IMHO, emitting electrons is a red herring. True, electron
production(pumping) has an amplification effect in the process but
electrons are not causative in the way Piantelle believes. Piantelli has
this concept of a negative ion that takes the place of an electron in the
orbit of an atom and being very massive the negative ion catalyzes fusion
like a muon does but much better. He has not changed his thinking on this
reaction mechanism substantially for many years now as far as I can tell.
He should have kept this theory out of his patent.
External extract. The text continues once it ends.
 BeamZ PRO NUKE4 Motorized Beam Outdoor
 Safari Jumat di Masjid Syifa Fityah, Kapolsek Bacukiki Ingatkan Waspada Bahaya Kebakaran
On Wed, Aug 6, 2014 at 1:35 AM, Eric Walker <[email protected]> wrote:

> On Tue, Aug 5, 2014 at 8:52 PM, Axil Axil <[email protected]> wrote:
>
>
>>  *The at least one electron-donor material is selected from the group
>> consisting of: Cs, Ba, Sr, Rb, Li, Na, Ca, K, Fr, Ra, in particular this
>> electron-donor material is Cesium.*
>>
>
> (From Piantelli's patent.)
>
> I'm not a fan of Piantellli's understanding of what's going on in LENR.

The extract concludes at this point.